◆ PROVIDED RECORDS:

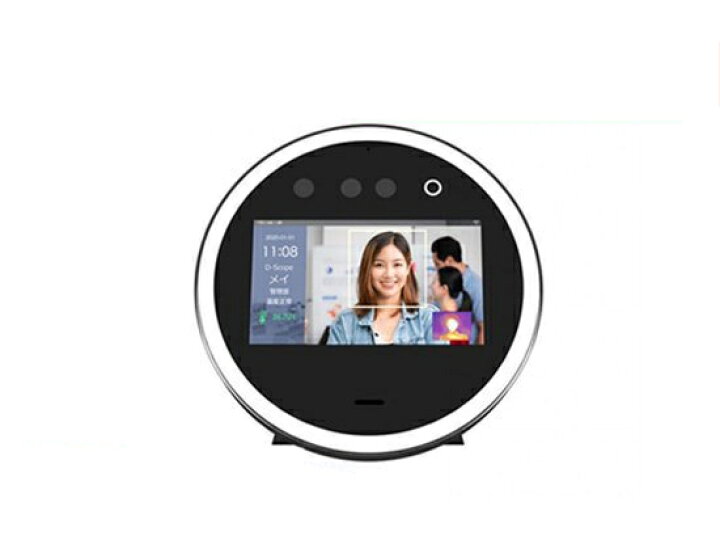 楽天市場】データスコープ かおまる 5インチ顔認証サーマルカメラ Face 
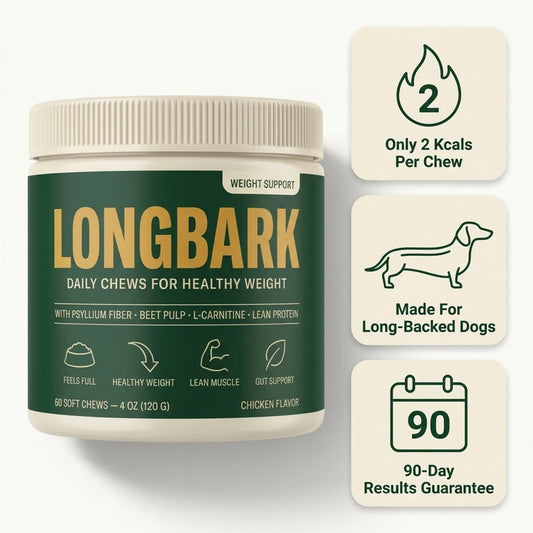LongBark Healthy Weight Support Chews
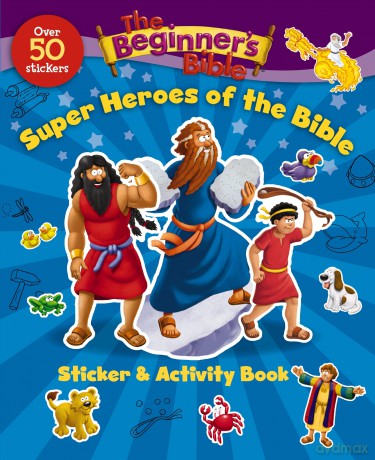 Beginners Bible Super Her [KSIĄŻKA]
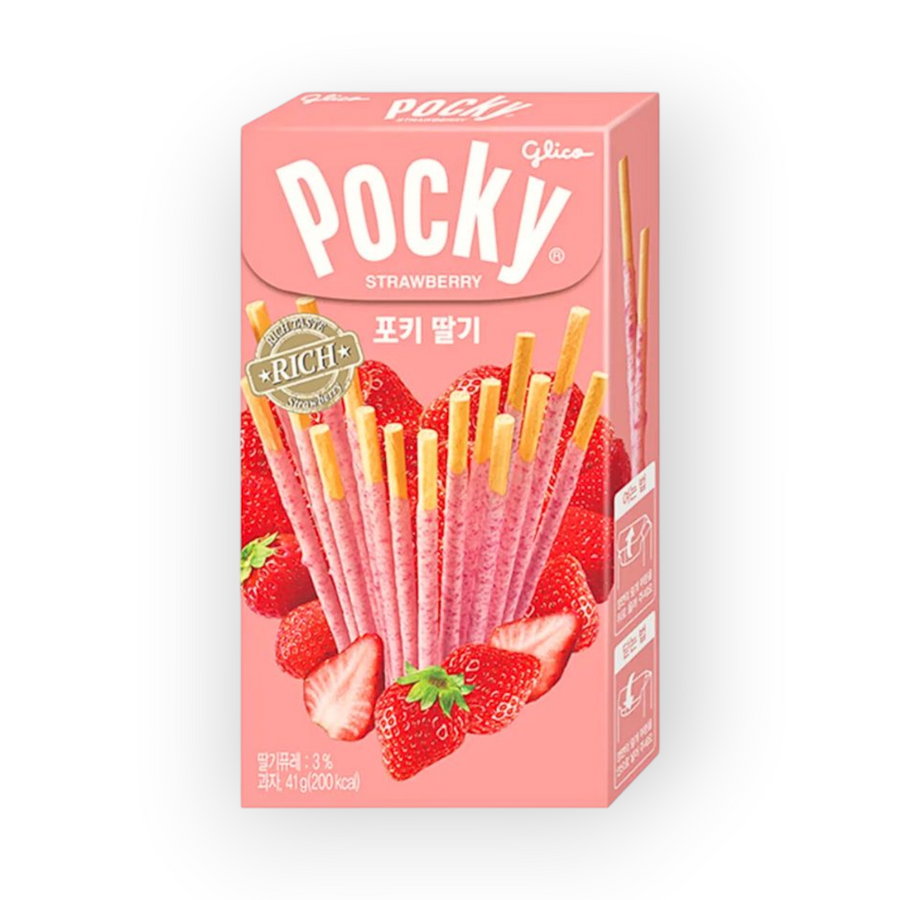 Glico Pocky Strawberry 41gr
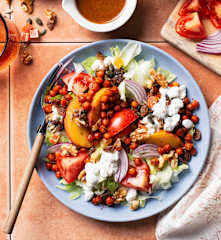 Ensalada crujiente de verano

◆ TASK INSTRUCTIONS:
Would you restate the listing word for word without its pictures?

◆ EXERCISE ANSWER:
 楽天市場】データスコープ かおまる 5インチ顔認証サーマルカメラ Face 
LongBark Healthy Weight Support Chews
 Beginners Bible Super Her [KSIĄŻKA]
 Glico Pocky Strawberry 41gr
 Ensalada crujiente de verano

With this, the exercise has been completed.